Lors du Rendez-vous de Casablanca de l’assurance, la ministre Nadia Fettah a annoncé l’élaboration d’une offre d’assurance dédiée aux cyber-risques, dans un contexte de numérisation accélérée et de vulnérabilités croissantes.

Face à la montée en puissance des attaques informatiques, le Maroc entend se doter d’un outil de protection structurant : une offre d’assurance contre les cyber-risques, actuellement en phase de développement. L’annonce a été faite par Nadia Fettah, ministre de l’Économie et des Finances, à l’occasion de la 11ᵉ édition du Rendez-vous de Casablanca de l’assurance, événement de référence du secteur dans la région.

Cette initiative s’inscrit dans une vision stratégique globale d’adaptation du secteur de l’assurance aux nouveaux risques systémiques. À l’heure où les algorithmes, les données et les intelligences artificielles reconfigurent en profondeur les métiers, les infrastructures et les modèles économiques, cette avancée place le pays dans une dynamique de résilience numérique, en écho aux grands chantiers de transformation digitale observés dans les économies émergentes.

Cyber-assurance : un marché en mutation rapide

La multiplication des ransomwares et des attaques ciblées pousse les assureurs à accélérer l’innovation. En 2022, plus de 80 % des grands groupes d’assurance dans le monde ont été exposés à des cyberattaques. Le cas récent de la CNSS (Caisse nationale de sécurité sociale) au Maroc a mis en lumière la nature systémique de ces menaces. Dans ce contexte, proposer une couverture dédiée devient un impératif, non seulement pour les entreprises mais aussi pour les institutions et les particuliers.

Le projet marocain vise à créer un environnement de confiance numérique, où la donnée personnelle est considérée comme un actif patrimonial à protéger. Il s’agit également de poser les bases d’un cadre assurantiel qui favorise l’inclusion financière et la protection des plus exposés, en particulier les TPE (très petites entreprises), les agriculteurs et les acteurs de l’économie informelle.

L’équilibre entre personnalisation des risques et solidarité

Dans son discours, Nadia Fettah a insisté sur l’importance de préserver la mutualisation des risques face à la segmentation croissante permise par l’intelligence artificielle. Si les algorithmes permettent d’affiner la connaissance client et d’optimiser les parcours assurantiels, ils peuvent aussi engendrer une logique d’exclusion pour les profils les plus vulnérables.

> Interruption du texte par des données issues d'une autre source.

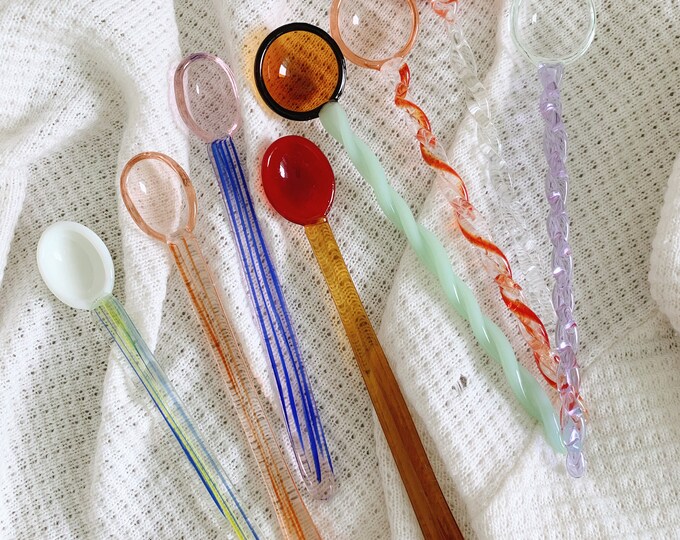 Handblown Glass Stirring Spoons, 4x Spoons Mixing Coffee Tea Drink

La ministre appelle donc à un encadrement éthique des usages de la technologie : « au-delà des algorithmes, ce sont des choix humains qui doivent guider notre action ».

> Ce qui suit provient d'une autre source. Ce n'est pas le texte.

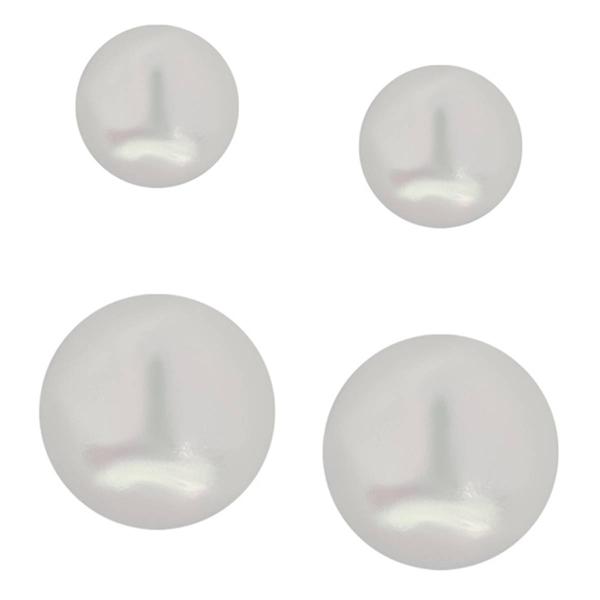 Sterling Silver 2pr. Pearl Stud Earrings Set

Ce message fait écho aux préoccupations croissantes des professionnels du secteur quant à la gouvernance algorithmique et à l’impact des données sur l’équité dans l’accès aux produits assurantiels. Pour les assureurs, il s’agit d’un enjeu de confiance, mais aussi de pérennité du modèle collectif.

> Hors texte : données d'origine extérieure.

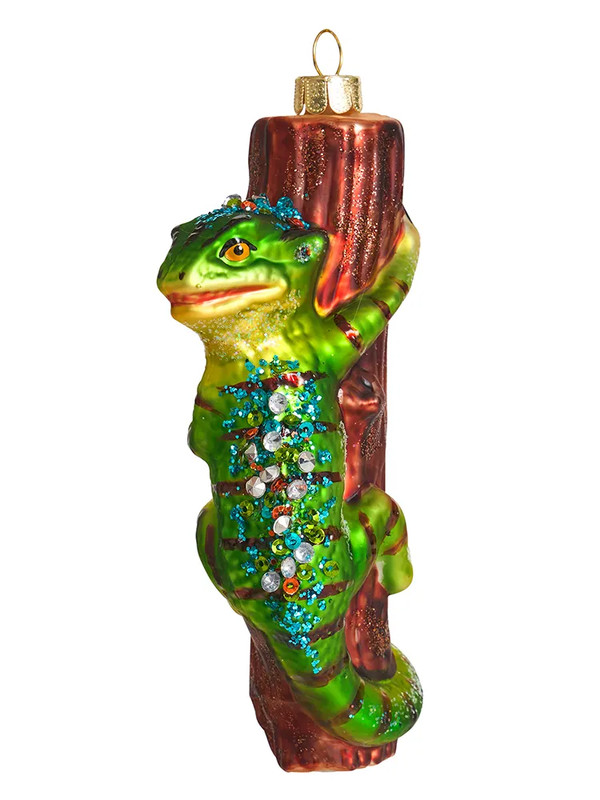 Елочное украшение 'Ящерка' 12 см, стекло, Holiday Classics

Technologie, inclusion et anticipation des catastrophes

Le Maroc mise sur l’IA pour rendre l’assurance plus accessible. À l’image d’initiatives déployées dans d’autres régions du monde – comme aux États-Unis ou au Kenya – où les technologies ont permis de réduire les délais de traitement des sinistres ou d’ouvrir l’assurance santé à des millions de personnes via mobile, le Royaume s’engage dans une logique d’innovation inclusive, ciblant notamment les femmes, les jeunes et les populations rurales.

L’annonce ministérielle s’inscrit également dans un contexte marqué par des événements climatiques extrêmes, qui touchent régulièrement le pays : inondations, sécheresses, séismes. La ministre souligne l’intérêt de développer des outils comme l’assurance paramétrique, qui permet une indemnisation automatique dès que certains seuils sont atteints. Une approche particulièrement pertinente pour les populations exposées à des chocs soudains et difficiles à absorber financièrement.

Un socle solide pour une modernisation accélérée

Le Maroc ne part pas de zéro. Le pays a déjà mis en place un cadre réglementaire modernisé, des centres de données certifiés et un appui fort à l’innovation, notamment via le programme Innov Invest. Ces fondations ont permis, par exemple, à la microassurance d’atteindre plus de 2,3 millions de contrats en 2024. Un signal fort de la capacité du pays à intégrer les nouvelles dynamiques assurantielles dans ses politiques publiques.

Pour autant, la ministre rappelle que cette base doit être consolidée et étendue, à travers une approche proactive, fondée sur l’anticipation, l’adaptabilité et l’innovation continue. La future assurance cyber devra ainsi s’inscrire dans une stratégie plus large de protection numérique du patrimoine national, en lien avec les défis géopolitiques, climatiques et technologiques du XXIe siècle.